Data for the task below:
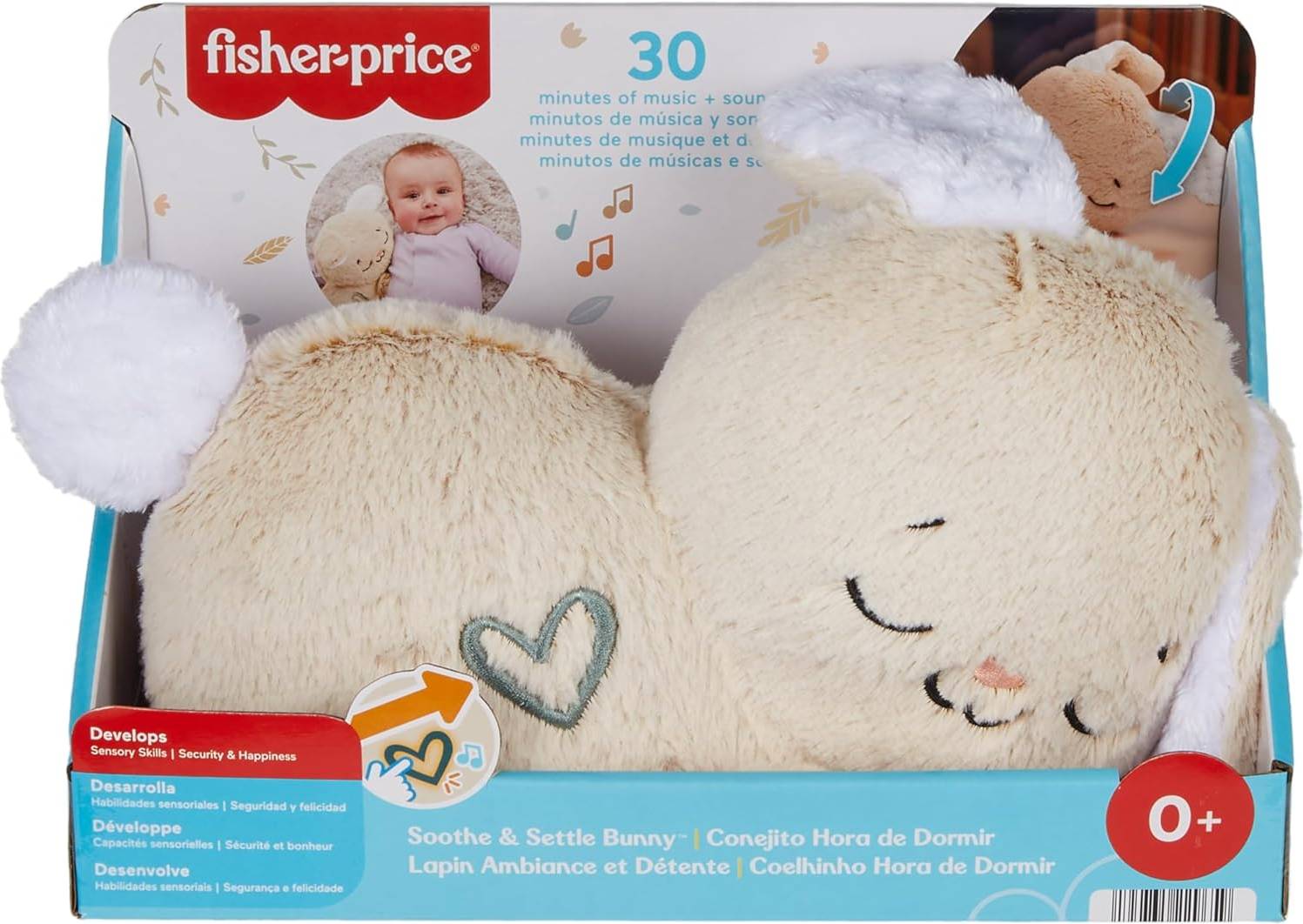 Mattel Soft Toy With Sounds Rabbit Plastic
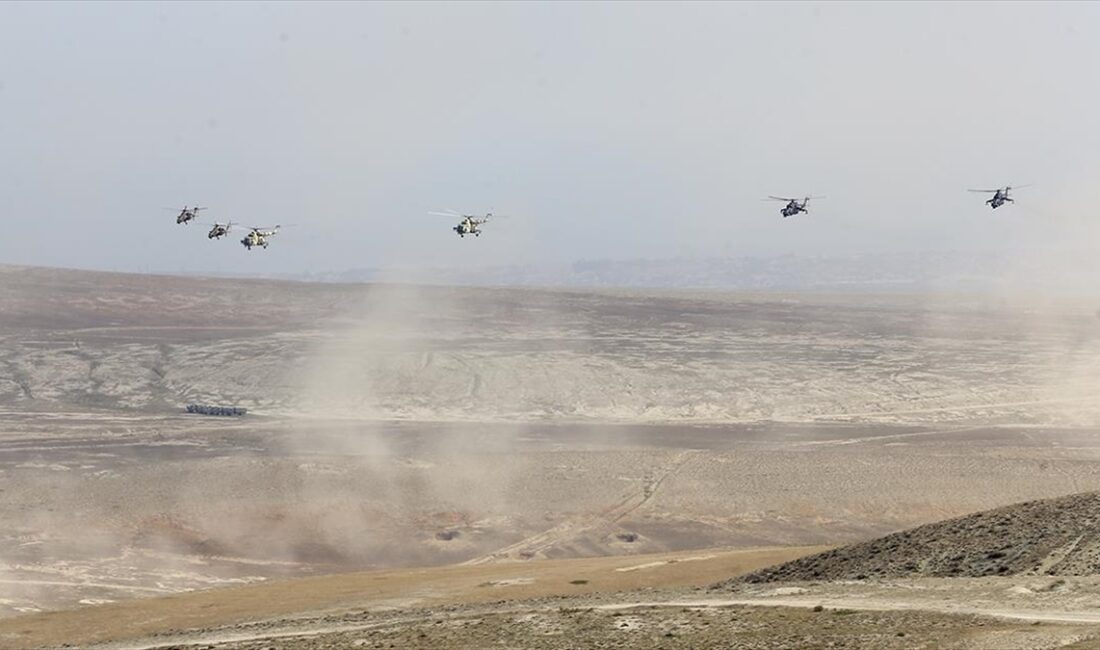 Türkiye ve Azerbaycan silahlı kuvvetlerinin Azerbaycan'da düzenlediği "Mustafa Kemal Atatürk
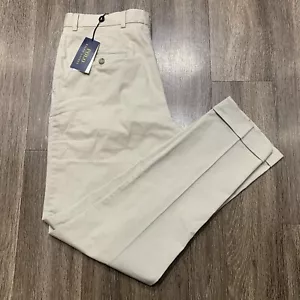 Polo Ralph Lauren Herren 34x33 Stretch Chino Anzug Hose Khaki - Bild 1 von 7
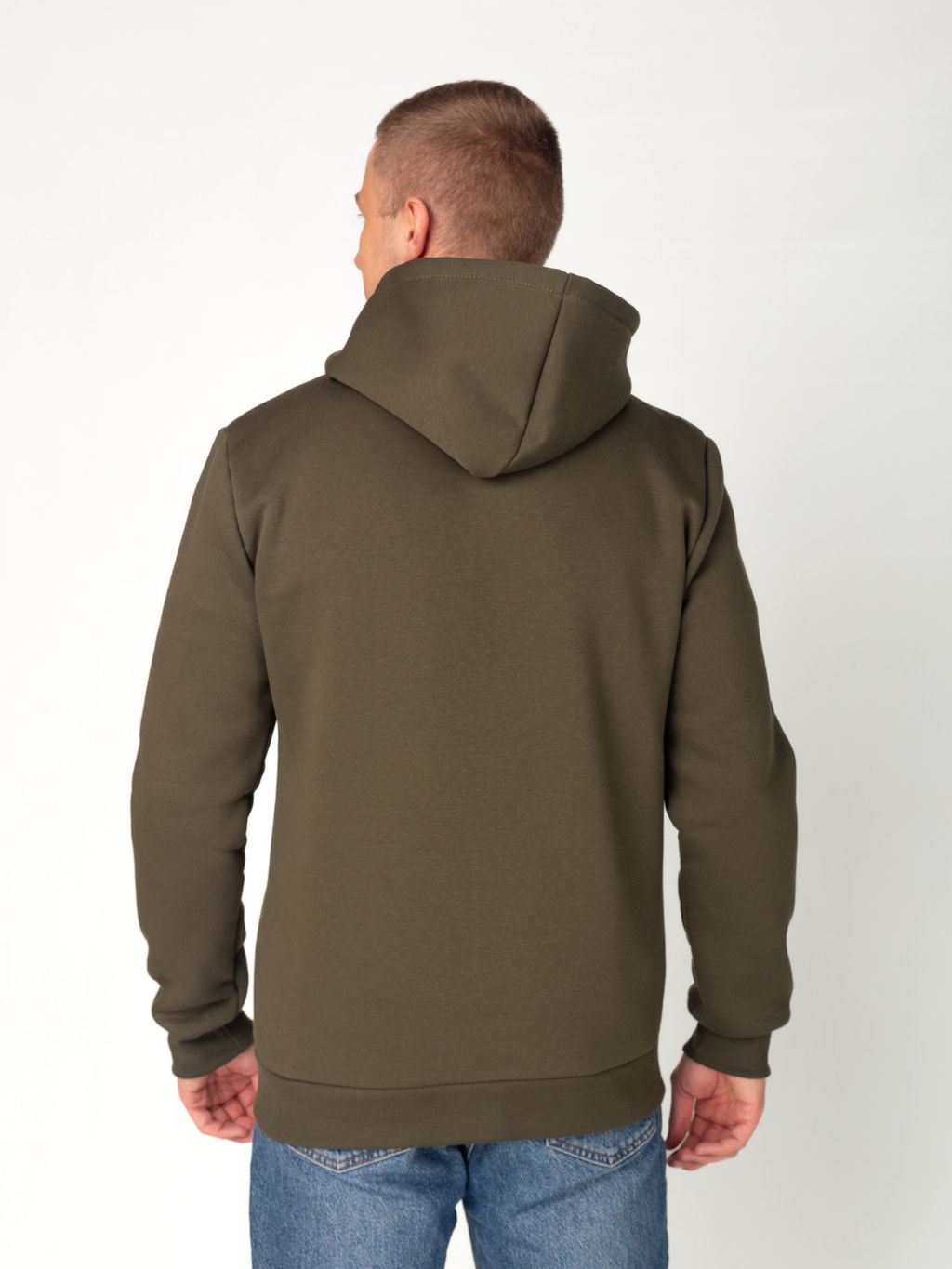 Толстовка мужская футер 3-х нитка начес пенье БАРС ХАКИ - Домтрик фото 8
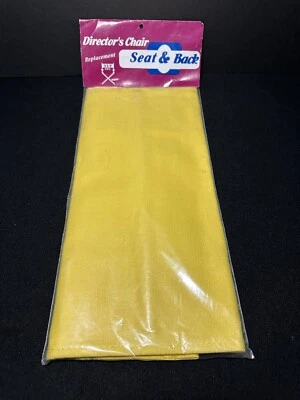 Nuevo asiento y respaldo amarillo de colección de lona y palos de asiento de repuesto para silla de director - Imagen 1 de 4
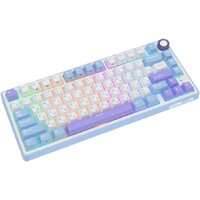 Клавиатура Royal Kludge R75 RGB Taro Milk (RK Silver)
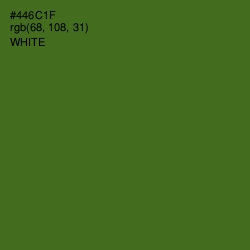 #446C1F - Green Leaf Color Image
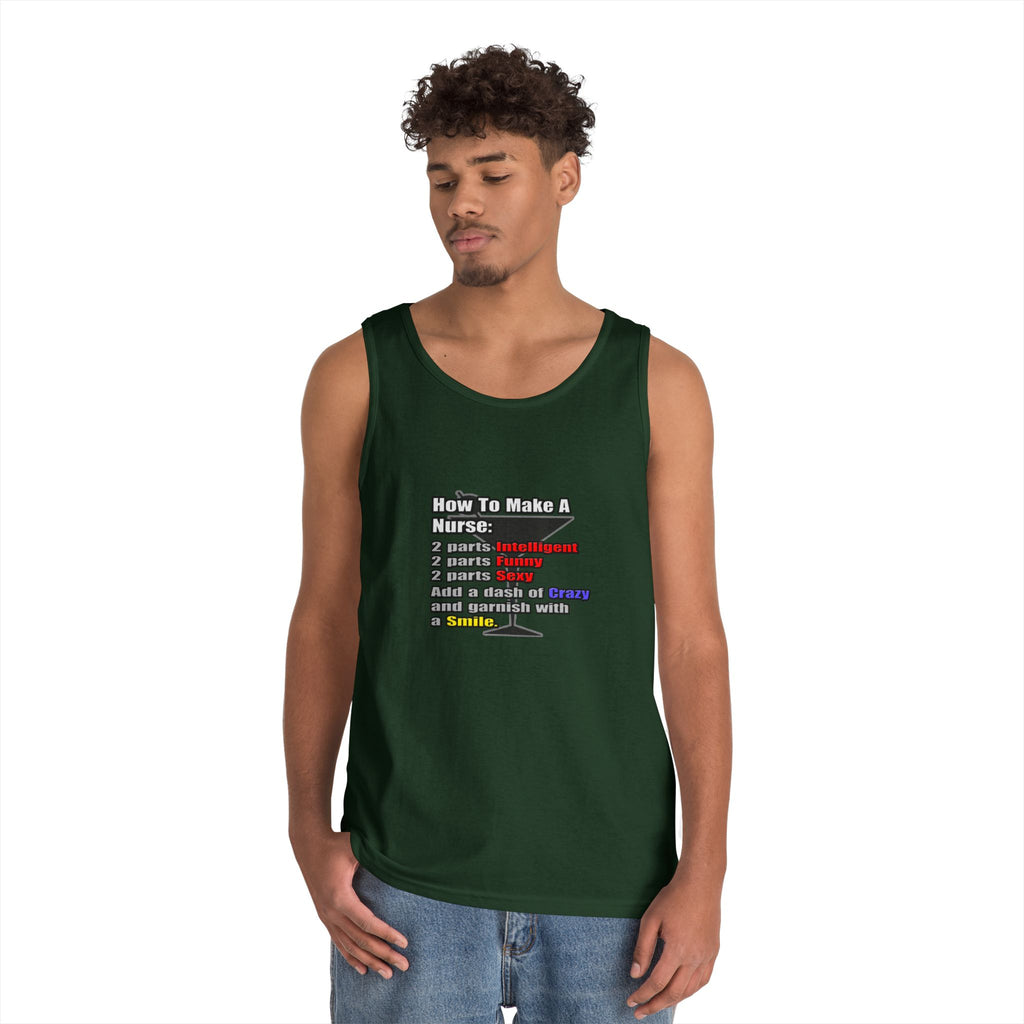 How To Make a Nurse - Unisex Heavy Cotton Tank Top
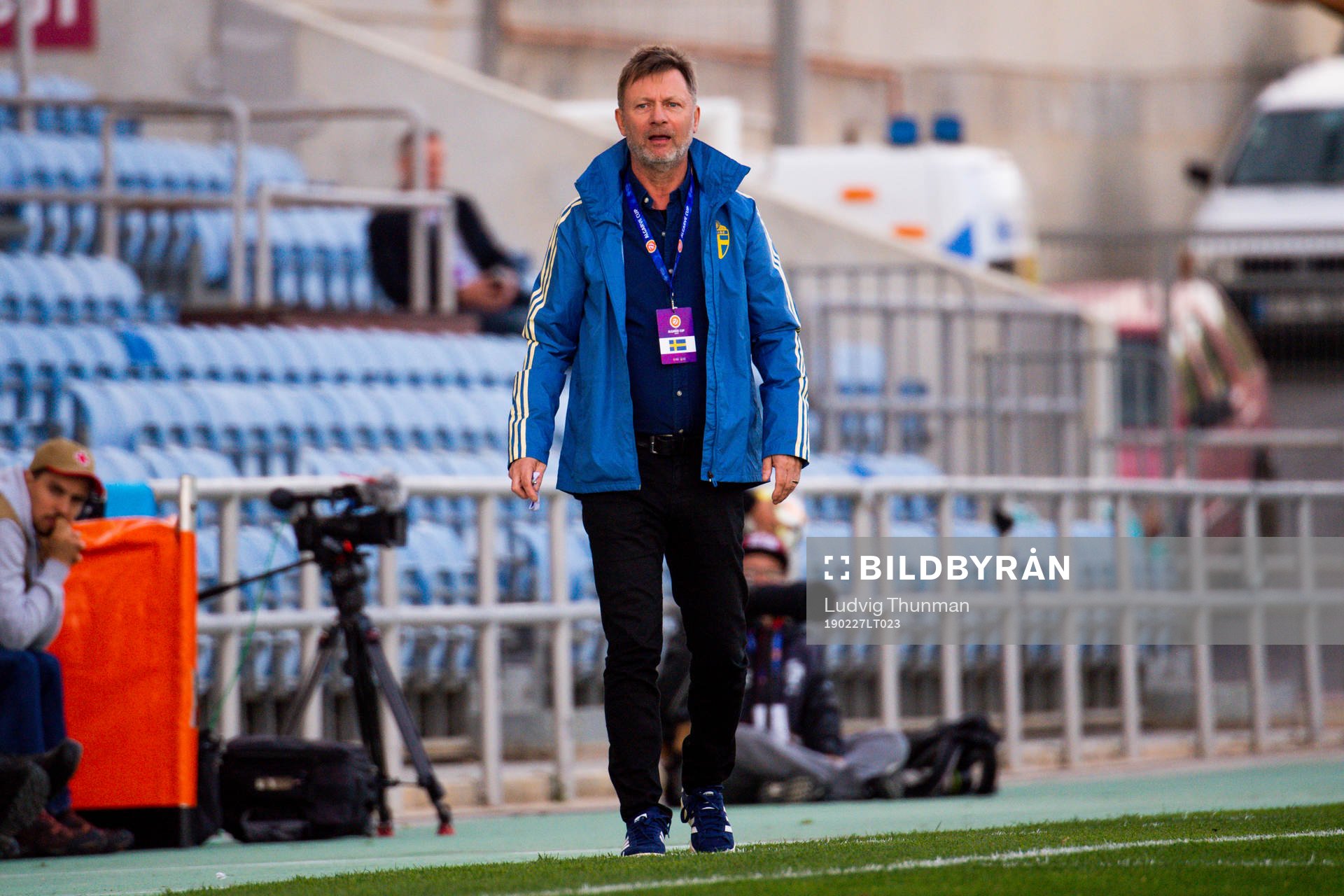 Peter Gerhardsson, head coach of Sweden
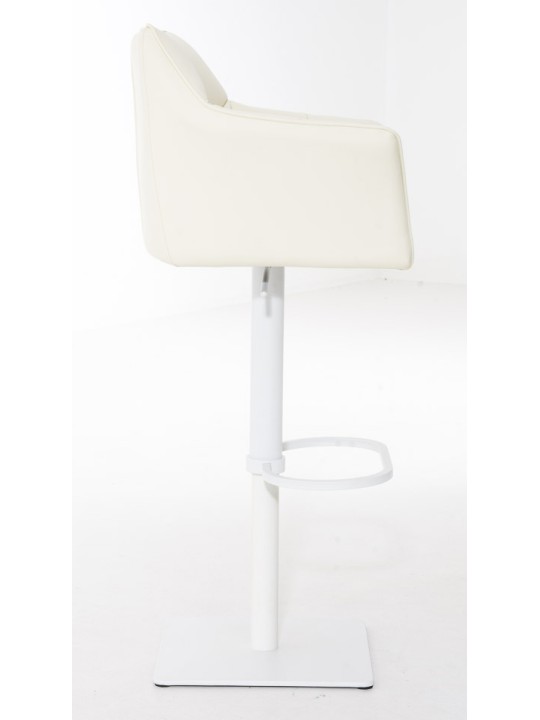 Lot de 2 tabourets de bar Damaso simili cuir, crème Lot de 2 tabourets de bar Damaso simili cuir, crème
End of Data for the task.
**Task details**
With the pictures set aside, repeat every entry above exactly.

**Worked solution**
 Mattel Soft Toy With Sounds Rabbit Plastic
 Türkiye ve Azerbaycan silahlı kuvvetlerinin Azerbaycan'da düzenlediği "Mustafa Kemal Atatürk
 Polo Ralph Lauren Herren 34x33 Stretch Chino Anzug Hose Khaki - Bild 1 von 7
 Толстовка мужская футер 3-х нитка начес пенье БАРС ХАКИ - Домтрик фото 8
 Nuevo asiento y respaldo amarillo de colección de lona y palos de asiento de repuesto para silla de director - Imagen 1 de 4
 Клавиатура Royal Kludge R75 RGB Taro Milk (RK Silver)
 #446C1F - Green Leaf Color Image
 How To Make a Nurse - Unisex Heavy Cotton Tank Top
 Peter Gerhardsson, head coach of Sweden
 Lot de 2 tabourets de bar Damaso simili cuir, crème Lot de 2 tabourets de bar Damaso simili cuir, crème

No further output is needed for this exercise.